Over the past three years, the overhang rate for the Companys equity compensation plans was 5.41%, 5.95%, and 2.89% for 2021, 2020, and 2019,
respectively. The overhang rate for the Companys equity compensation plans measures the total number of stock options outstanding under all plan awards, plus the number of shares available for future plan awards, as a percentage of
the weighted average number of common shares outstanding. We believe that our three-year average overhang rate of 4.75% is within the levels recommended by shareholder advisory groups.

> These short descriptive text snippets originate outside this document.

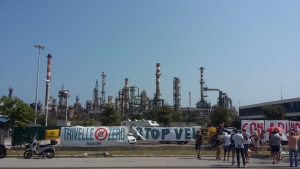 &quot;Per il clima, fuori dal fossile&quot; La mobilitazione davanti ai cancelli della raffineria.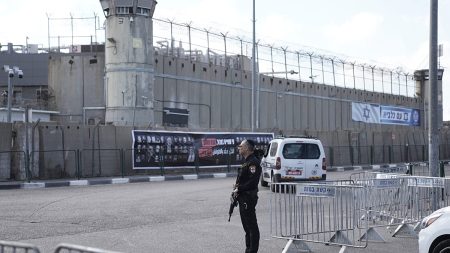 اتهامات لإسرائيل بحرمان الأسرى الفلسطينيين من أداء شعائر عيد الأضحى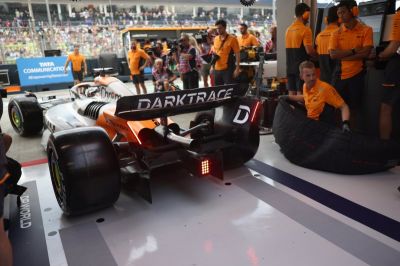 A McLaren csak örül annak, ha az F1-es riválisok a hátsó szárnyukon rugóznak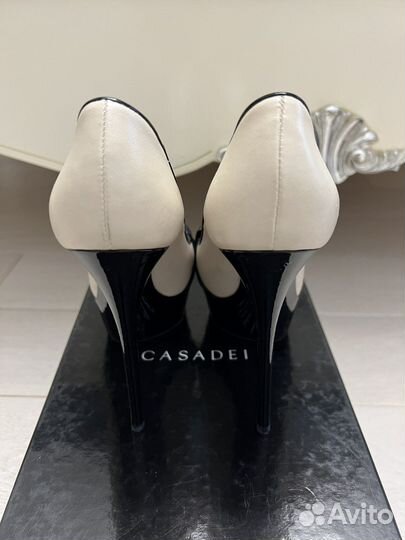 Туфли женские Casadei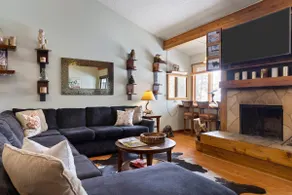 Outpost: Twinberry 3522 - Located in the Aspens! - Image 2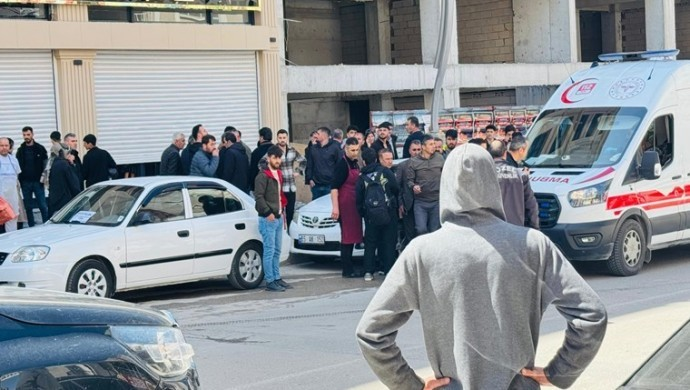 XevnaM2's tweet photo. 🚨 Van'ın Rêya Armûşê (İpekyolu) ilçesinde bir giyim mağazasına düzenlenen silahlı saldırıda 5 kişi yaralandı, 1 kişi hayatını kaybetti. 

Saldırı sonrası olayla ilgili soruşturma başlatıldı. https://t.co/zON6lTjoRc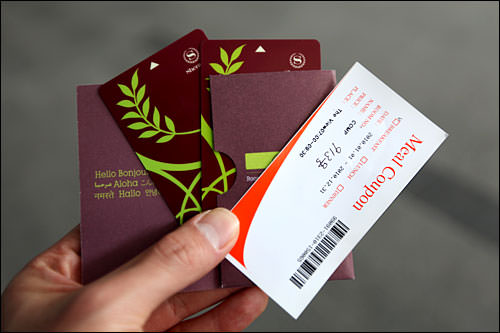 専用のケースにカードキーと朝食券が入っている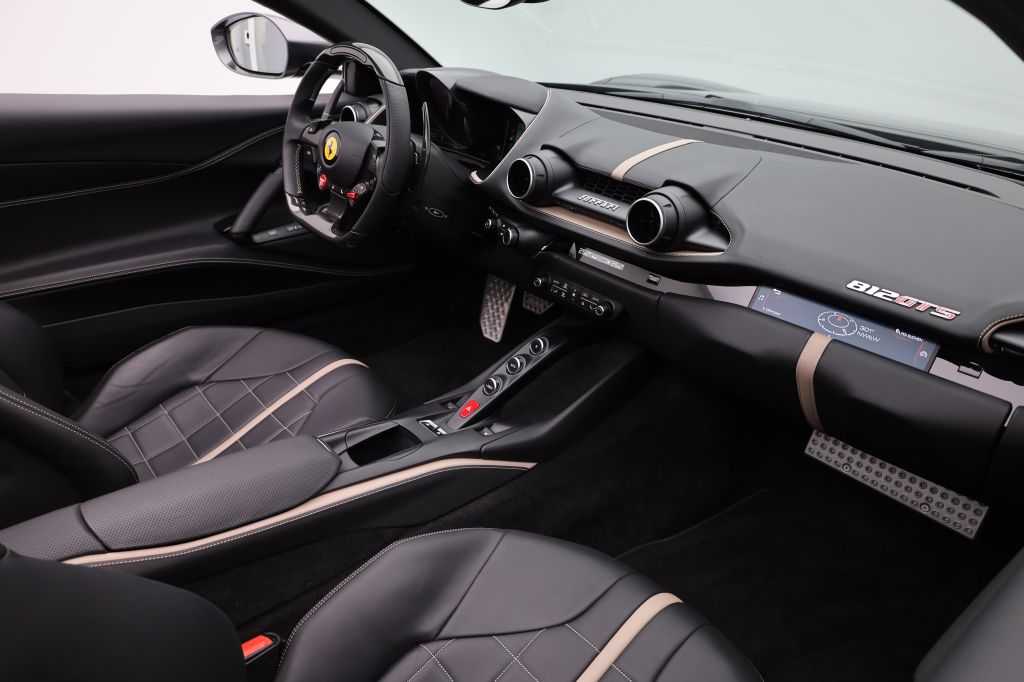 Ferrari 812 2022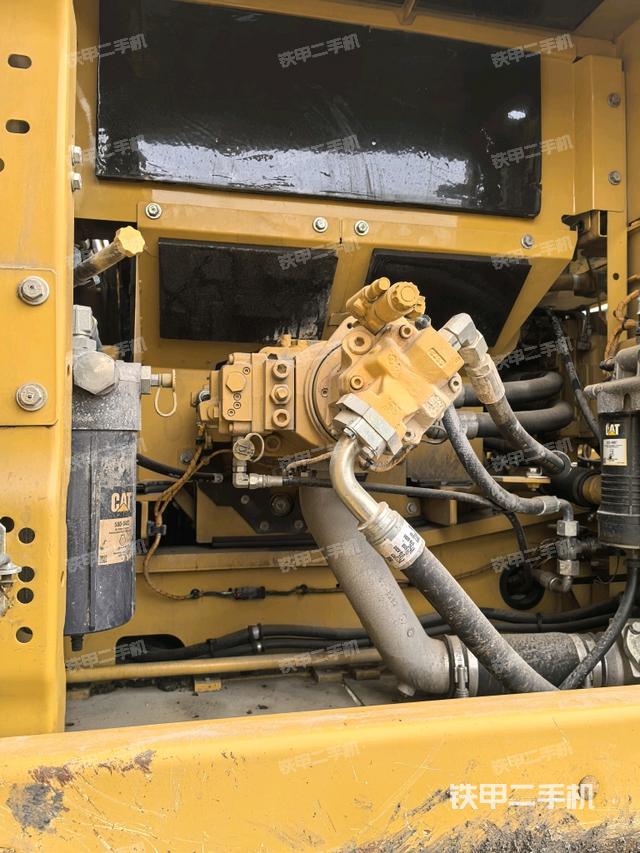 液壓泵斜45?左（大件艙室）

Summary of Amendment No. 2s Changes to the Amended 2016 Stock Plan
Amendment No. 2 only amends the Amended 2016 Stock Plan by increasing the number of common shares available for issuance under the Amended 2016 Stock Plan by 175,000
shares (otherwise referred to herein as the New Shares). If Amendment No. 2 is not approved, the Amended 2016 Stock Plan will remain in place and the New Shares will not be added to the shares available for delivery pursuant to the Amended 2016
Stock Plan.
Description of the Amended 2016 Stock Plan
The following is a brief description of the principal features of the Amended 2016 Stock Plan.
General
Under the Amended 2016 Stock Plan, if a stock option expires or is
cancelled or terminated, or if any shares underlying any other Award is forfeited, the common shares underlying the stock option or other Award (including stock options or other Awards granted under the Amended 2016 Stock Plan or the 2013 Stock
Plan) will again be available under the Amended 2016 Stock Plan. In addition, to the extent common shares are withheld to satisfy tax withholding obligations with respect to Awards other than a stock option or stock appreciation right (including
Awards other than stock options or stock appreciation rights granted under the Amended 2016 Stock Plan or the 2013 Stock Plan), then the number of shares so withheld will again be available for delivery with respect to Awards under the Amended 2016
Stock Plan. If common shares are tendered or surrendered as payment for the exercise of a stock option or a stock appreciation right or are withheld to satisfy tax withholding obligations related to stock options or stock appreciation rights
(including stock options and stock appreciation rights granted under the Amended 2016 Stock Plan and the 2013 Stock Plan), then the number of shares so tendered, surrendered or withheld will not be available for delivery with respect to Awards under
the Amended 2016 Stock Plan.
To the extent required by law or applicable stock exchange rules, no individual Award (other than Awards that may be paid or settled
solely in cash) may be granted under the Amended 2016 Stock Plan with respect to a number of shares that exceeds 1% of the Companys total issued and outstanding shares as of the date of grant. In addition, the total amount of compensation
(including both cash and equity-based Awards) payable to non-employee directors is limited to $550,000 per non-employee director per calendar year. In the event of any
change in the Companys capitalization or in the event of a corporate transaction such as a merger, amalgamation, consolidation, separation or similar event, the Amended 2016 Stock Plan provides that the appropriate adjustments will be made,
including to the number and class of common shares available for issuance or grant and in the number and/or price of shares subject to outstanding Awards.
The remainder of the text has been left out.